High Performance Git

Section III ยท Storage and Local Scale

Chapter 10

Git GC and Maintenance

Pencil sketch of a shopkeeper sweeping the boardwalk outside a general store.

Repository maintenance gets easier to read once two ideas are separated.

git gc is Git's cleanup command for the local repository. git maintenance is the layer for running and scheduling maintenance tasks around that cleanup.

Keep the split explicit:


git gc, git maintenance, and the Split Between Foreground Work and Upkeep

Foreground commands such as git add and git fetch are optimized for responsive user experience, and they do not stop to fully optimize repository data because those optimizations scale with the full repository size while the foreground command is usually doing something much smaller.

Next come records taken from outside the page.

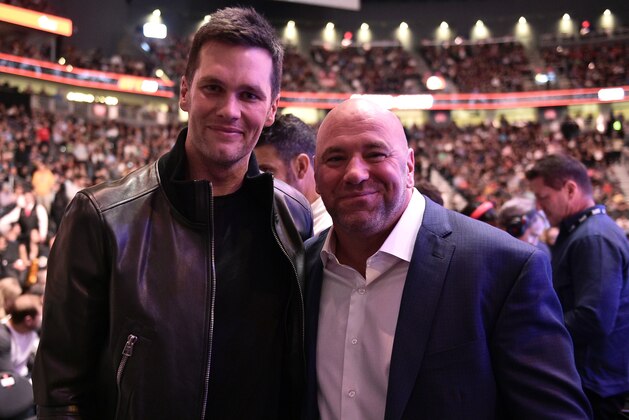 LAS VEGAS, NEVADA - JANUARY 18: Tom Brady poses for a photo with UFC president Dana White during the UFC 246 event at T-Mobile Arena on January 18, 2020 in Las Vegas, Nevada. (Photo by Chris Unger/Zuffa LLC via Getty Images)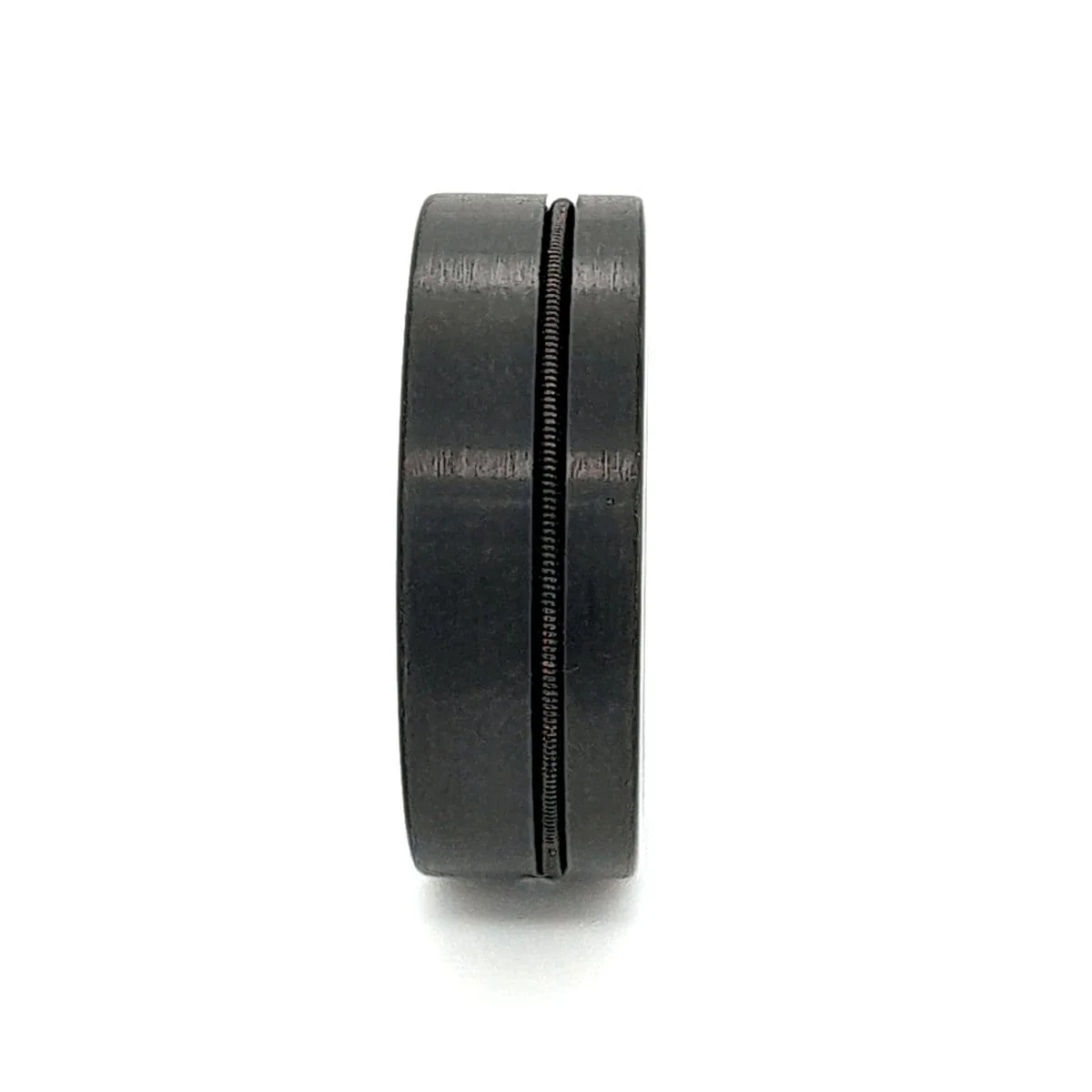 Men’s Black Tungsten Guitar String Inlay Ring - Image 3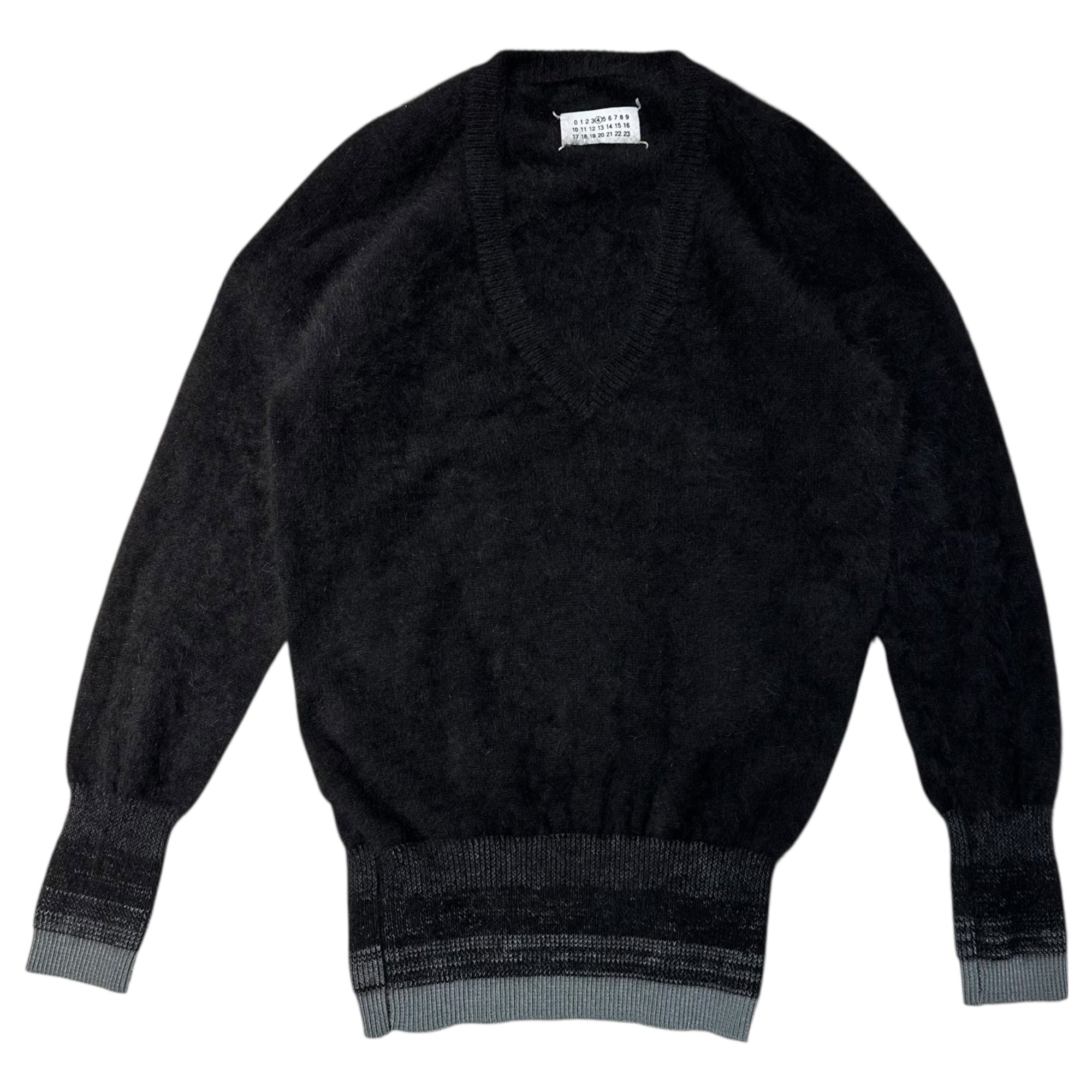 Maison Martin Margiela(メゾン マルタンマルジェラ) 11AW V-neck Shaggy Knit Pullover Vネック シャギー ニット プルオーバー S31HA0423 M ブラック ④ライン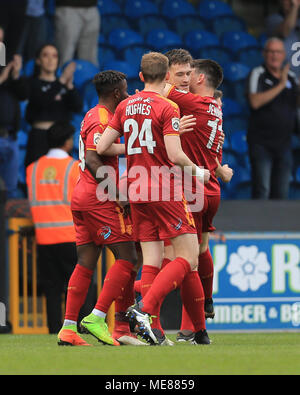 Halifax, UK. 21st April, 2018.  National League, Halifax Town v Tranmere Rovers; Andy Cook of Tranmere Rovers celebrates his goal with team mates Credit: News Images /Alamy Live News Stock Photo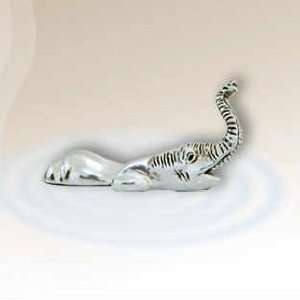    Baby Elephant Swimming Silver Plated Sculpture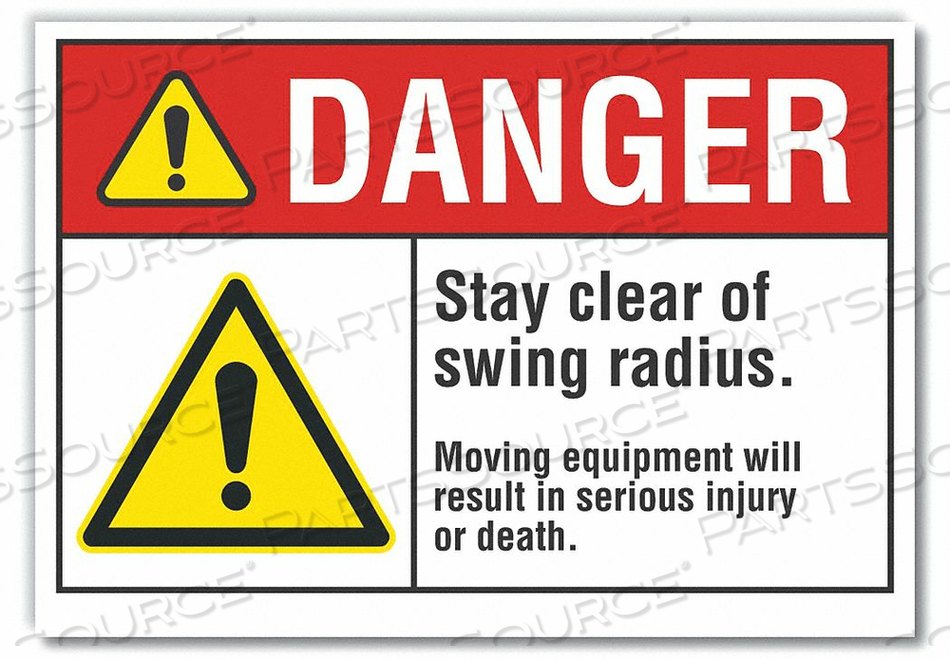 5x3 Sign LCU4-0064-RD_5X3.5 Lyle Signs Inc. DANGER SIGN 5 W X 3-1/2 H 0.001 ...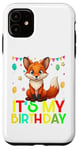 Coque pour iPhone 11 It's my birthday a fox stamping party for girls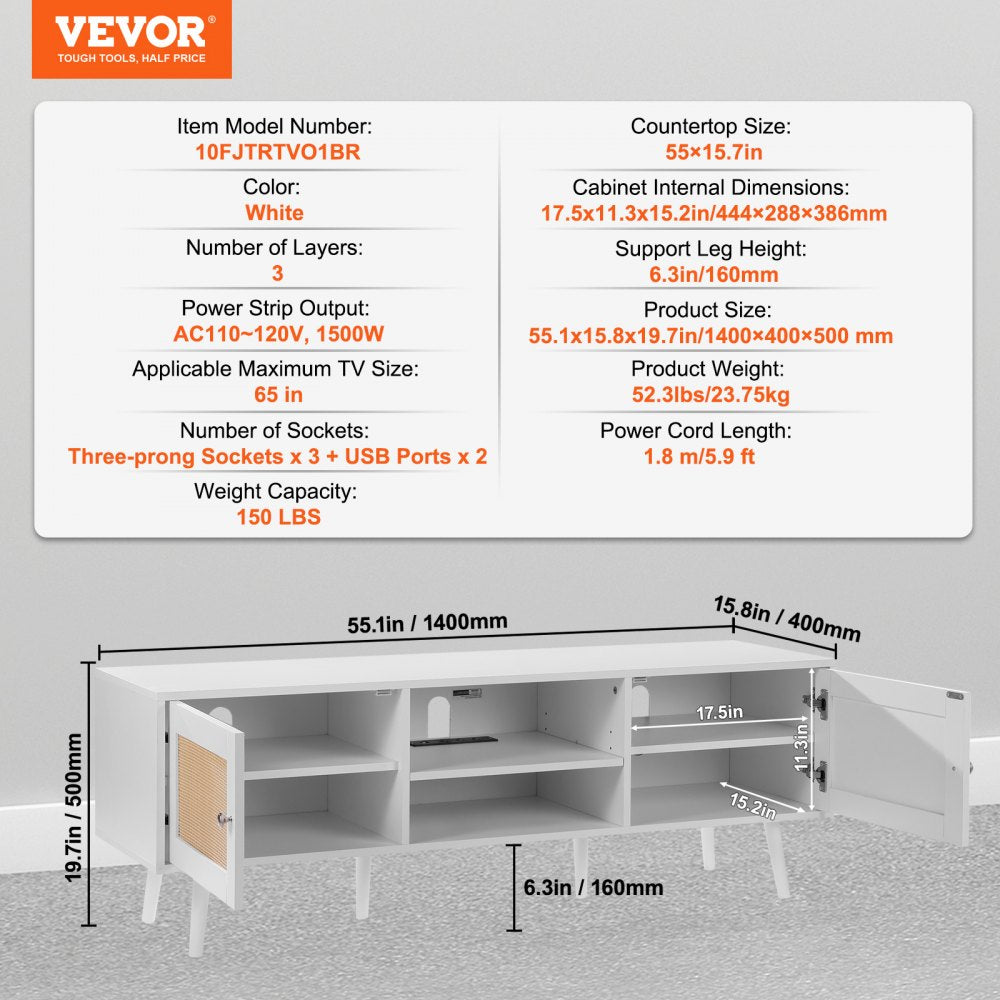 Rattan TV Stand for 65 inch TV, Boho TV Stand with Rattan Door, Entertainment Center with Build-in Socket and USB Ports, Modern TV Console for Living Room, Media Room, White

Foreground Git is trying to finish your immediate action quickly. Maintenance is trying to reshape repository data so future actions get cheaper. Those are related goals, but they are not the same goal.

git gc
Git housekeeping command that repacks data, prunes stale state, and updates related repository metadata.

git gc runs a number of housekeeping tasks within the current repository, including compressing file revisions, removing unreachable objects, packing refs, pruning reflogs, cleaning rerere metadata, pruning stale worktrees, and sometimes updating ancillary indexes such as the commit-graph.

Common porcelain commands that create objects may run git gc automatically when the repository has grown enough since the last maintenance.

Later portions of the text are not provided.